Un ex-vendeur d’options binaires-Forex : « Voici comment nous trompons les clients »
Après quelques semaines dans l'industrie, Joshua a dit sa femme : "Même si cela signifie que nous allons mourir de faim, je ne peux plus faire ce travail"

Depuis l’enquête initiale du Times of Israel – « Les loups de Tel Aviv : la vaste et immorale arnaque du Forex dévoilée » – nous avons été contactés par des dizaines d’ex-employés et de victimes de cette industrie qui cherchent à partager leurs expériences.

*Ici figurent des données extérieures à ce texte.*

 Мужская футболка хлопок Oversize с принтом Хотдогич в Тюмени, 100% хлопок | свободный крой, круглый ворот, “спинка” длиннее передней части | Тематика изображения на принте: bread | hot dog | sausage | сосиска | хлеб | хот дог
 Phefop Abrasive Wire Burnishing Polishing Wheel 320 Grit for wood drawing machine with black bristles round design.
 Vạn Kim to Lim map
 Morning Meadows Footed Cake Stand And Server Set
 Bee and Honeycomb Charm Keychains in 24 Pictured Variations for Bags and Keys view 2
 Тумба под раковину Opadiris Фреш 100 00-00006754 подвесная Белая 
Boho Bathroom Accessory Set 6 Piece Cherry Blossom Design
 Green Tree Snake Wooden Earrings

Nous nous intéresserons aux victimes plus en détail dans les articles à venir. Cette interview se concentre quant à elle sur les processus malhonnêtes par lesquels les « investisseurs » – en fait des clients naïfs qui sont entraînés dans un jeu d’argent truqué – se font embobiner et flouer.
Joshua Oleh, originaire des États-Unis, a récemment travaillé comme « agent de conversion » pour une entreprise d’options binaires de taille moyenne, en dehors de Tel-Aviv. Son travail consistait à contacter des gens dans le monde entier et à les persuader de faire du « commerce » en ligne sur une plate-forme d’options binaires – c’est-à-dire à les persuader de lui donner leur argent – tout en leur promettant des profits élevés. Cependant, selon ses dires, tous les clients avec qui il a travaillé ont au final tout perdu.

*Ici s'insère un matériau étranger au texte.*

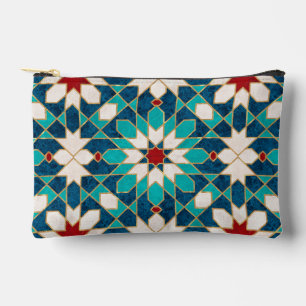 Navy Blue Teal White Red Marble Moroccan Mosaic  Accessory Pouch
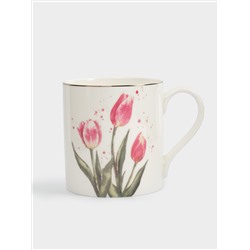 Кружка, 380 мл, фарфор F, белая, с золотистым кантом, Тюльпаны, Giardino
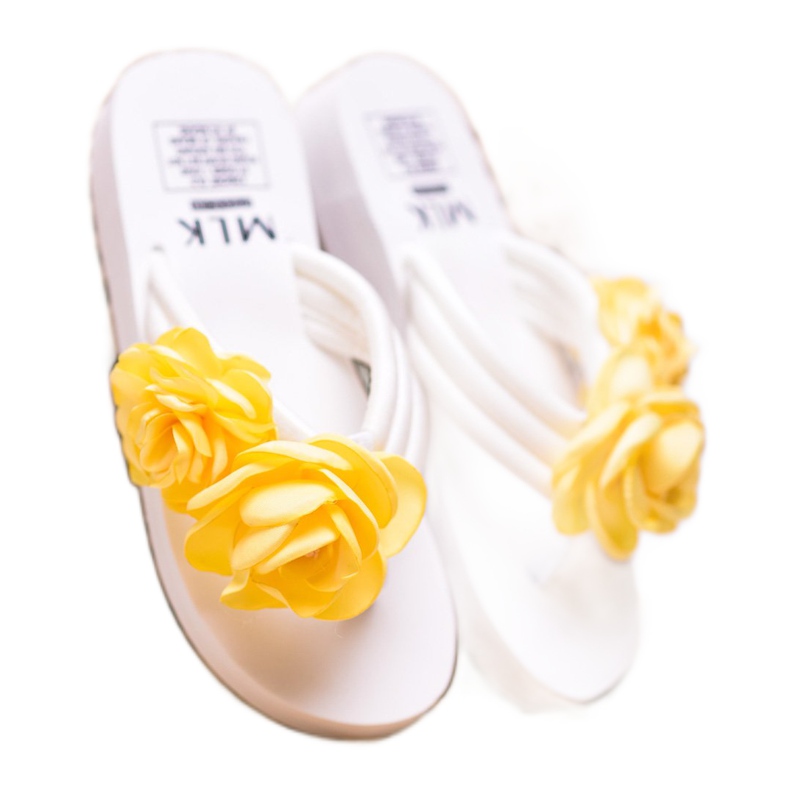 SHELOVET Tongs Légères Avec Fleurs blanc 2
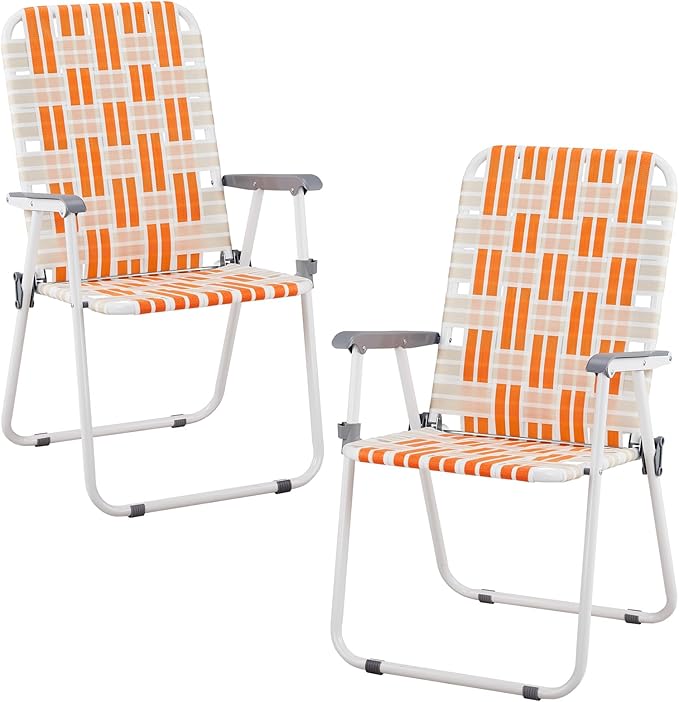 2 Pcs Folding Beach Chair Webbed Chair Portable Camping Chair Patio Lawn Webbed Folding Chairs Set Folding Backpack Beach Chair for Camping Beach Travel Lawn Yard Garden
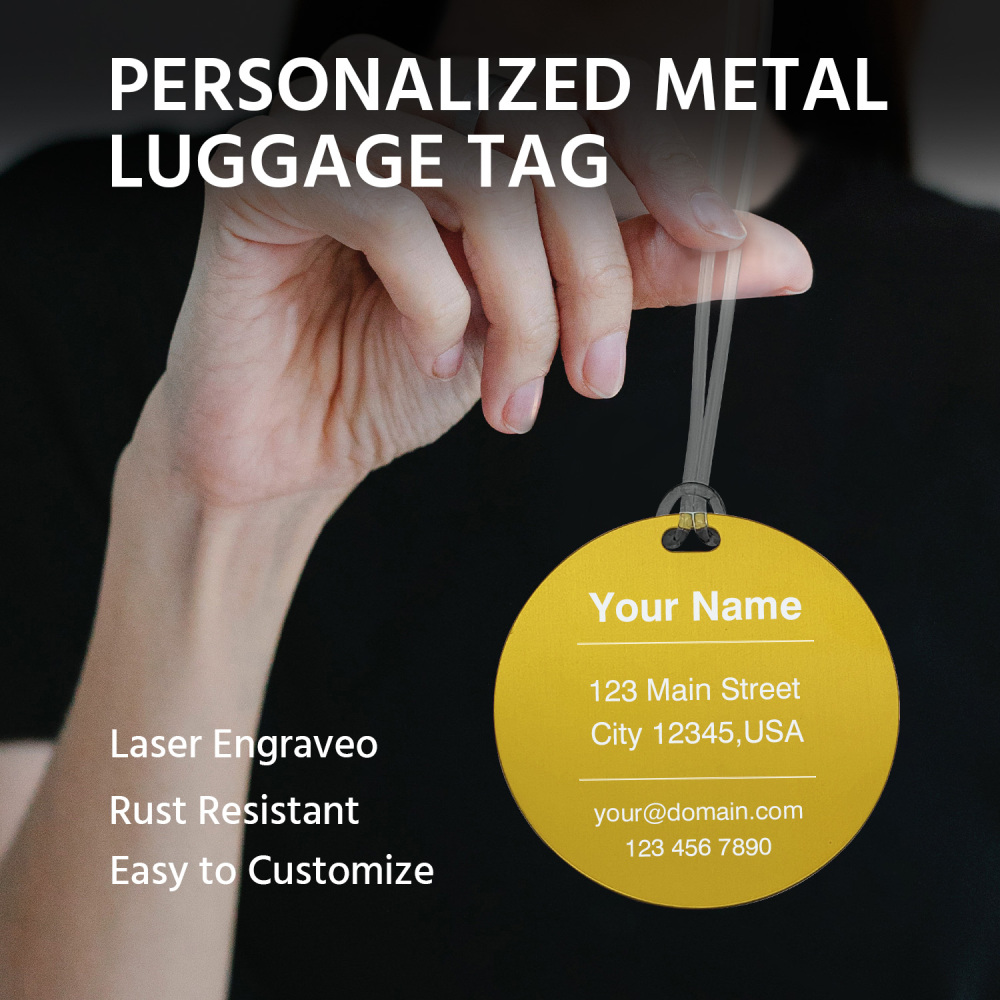 Classic Round Custom Luggage Tag – Customizable Name/Contact, Vibrant Color Options, Heavy-Duty Travel Luggage Marker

On estime que plusieurs centaines de milliers de clients à travers le monde ont été escroqués de façon similaire au cours des dernières années, ceci apparemment, avec le consentement tacite des autorités de réglementation et d’application des lois israéliennes.
La société pour laquelle Joshua a travaillé continue à escroquer le public depuis ses bureaux situés à Ramat Gan.

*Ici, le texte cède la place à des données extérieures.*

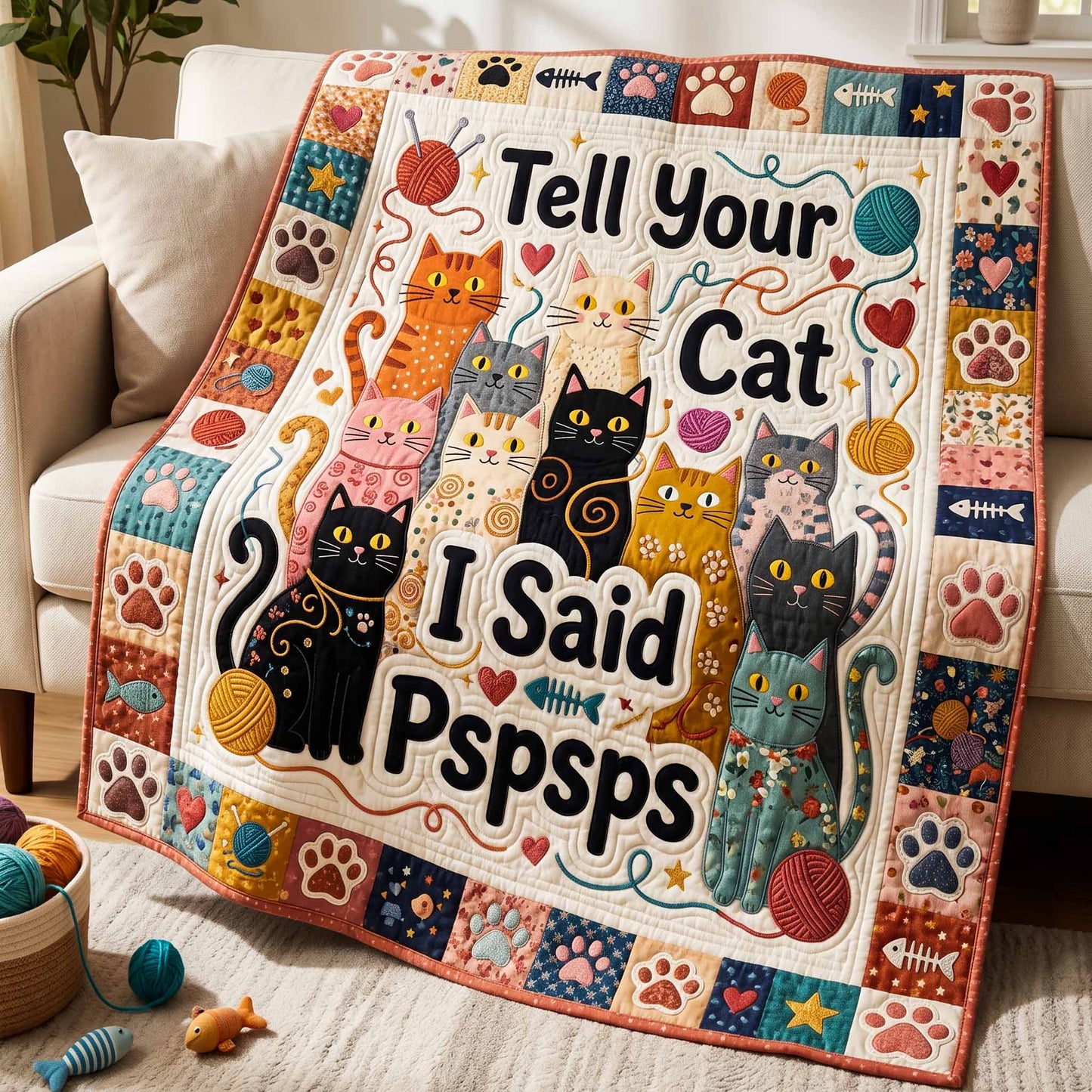 Cat Said Pspsps Quilted Blanket - Baby (30" x 40") - Pack 1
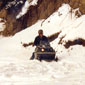 Peter on a skidoo - the only way to travel in the snow
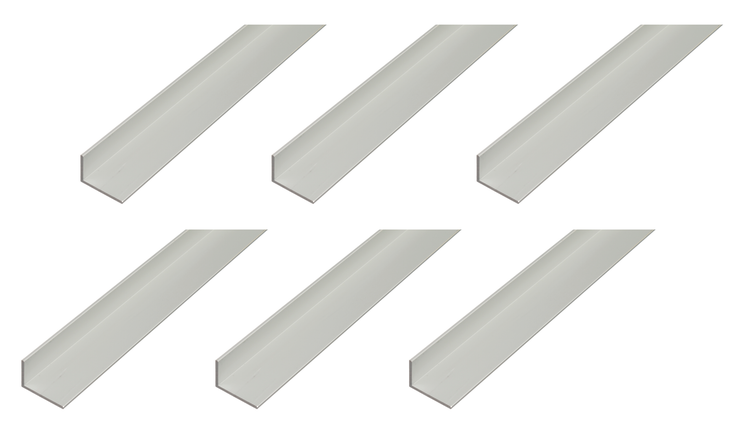 Set aus sechs Aluminium Winkelprofilen zur Verwendung im Heimwerkerbereich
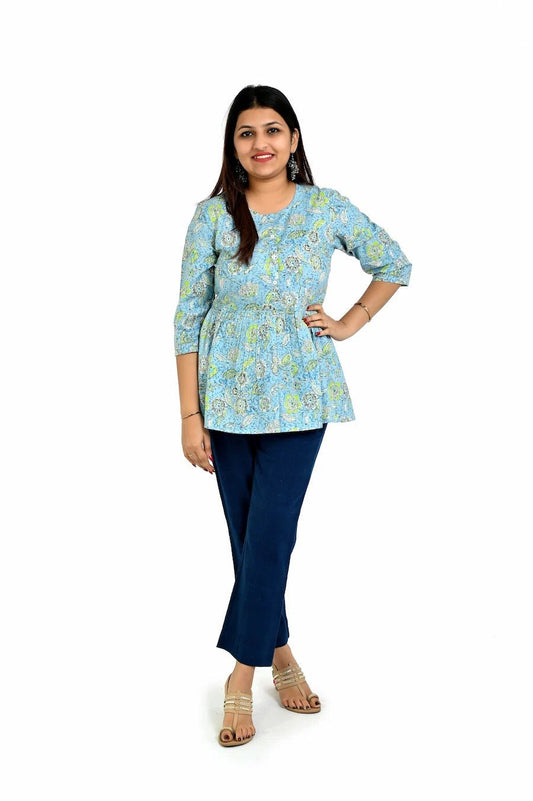 Women’s Aqua Blue Dress with Subtle Floral Pattern - The Bebla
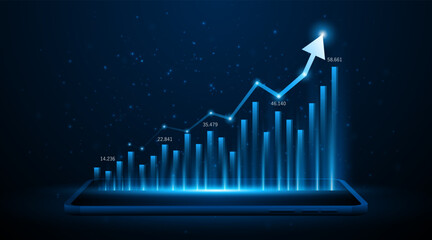 Fototapete - Arrow pointing upwards for future company growth set on tablet or smartphone. Stock market graph with rising candles. Ideas for growing a profitable business or investment	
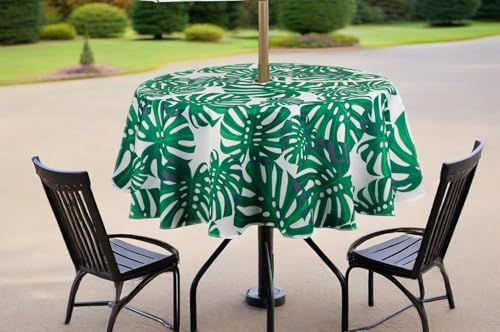 Suq I Ome Patio Outdoor Tablecloth With Umbrella Hole,Garden Tablecloth With Umbrella Hole And Zipper,Table Cloths For Host Backyard Parties, Bbqs,Family Gatherings(Leaf Green,60'' Round With Zipper) - 7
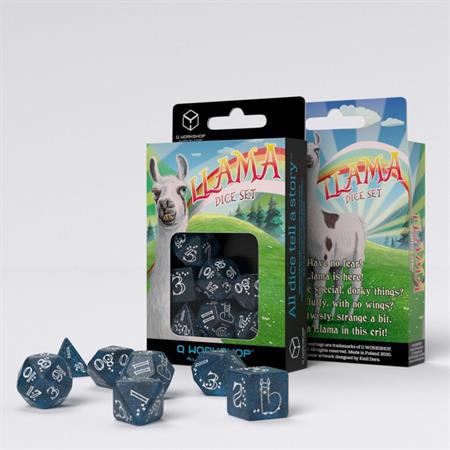 Shimmering Llama Dice Set (Glittering dark blue & white)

Comment êtes-vous arrivé jusqu’au secteur des options binaires ?
Mon travail de l’époque touchait à sa fin et j’étais désespérément à la recherche d’un autre travail. Ma femme était enceinte. Je devais trouver n’importe quel travail. J’ai beaucoup d’expérience dans la vente parce que je travaillais pour l’entreprise familiale, une agence d’assurance. Apres avoir envoyé mon CV à des entreprises de commerce en ligne, j’ai reçu de nombreux appels de compagnies d’options binaires. J’en ai choisi une.
Qui étaient vos clients ?
La plupart étaient des Indiens et des Nigérians. Vous étiez chanceux si vous tombiez sur des clients européens, en particulier des Allemands. Ils étaient les plus désireux de « faire du business » et déposaient de l’argent en euros ou en livres plutôt qu’en dollars, ce qui était mieux pour nous.
Nous n’étions pas autorisés à vendre des options aux Américains ni aux Israéliens. Je me souviens que nous avions eu du mal avec un gars iranien. En raison des sanctions, les sociétés de cartes de crédit ne voulaient pas travailler avec eux. Nous avons donc dû lui dire que nous ne pouvions pas l’« aider ».
Combien d’argent les ‘investisseurs’ donnent-ils en général ?
Le dépôt minimum était au départ de 200 dollars. Plus tard, nous avons décidé de ne permettre à personne de se lancer en dessous de 250 dollars. Certaines personnes, dans des endroits comme l’Inde et le Nigeria, empruntaient de l’argent auprès de leurs famille ou amis. Certains d’entre eux sont désespérés. Ils se disent « c’est là ma chance de devenir riche ». Et ils sont prêts à prendre des risques.
Tout le monde ne fait pas de dépôts. Vous passez en moyenne 2-3 minutes au téléphone avec chaque personne et après 20 ou 30 personnes, quelqu’un fait un dépôt.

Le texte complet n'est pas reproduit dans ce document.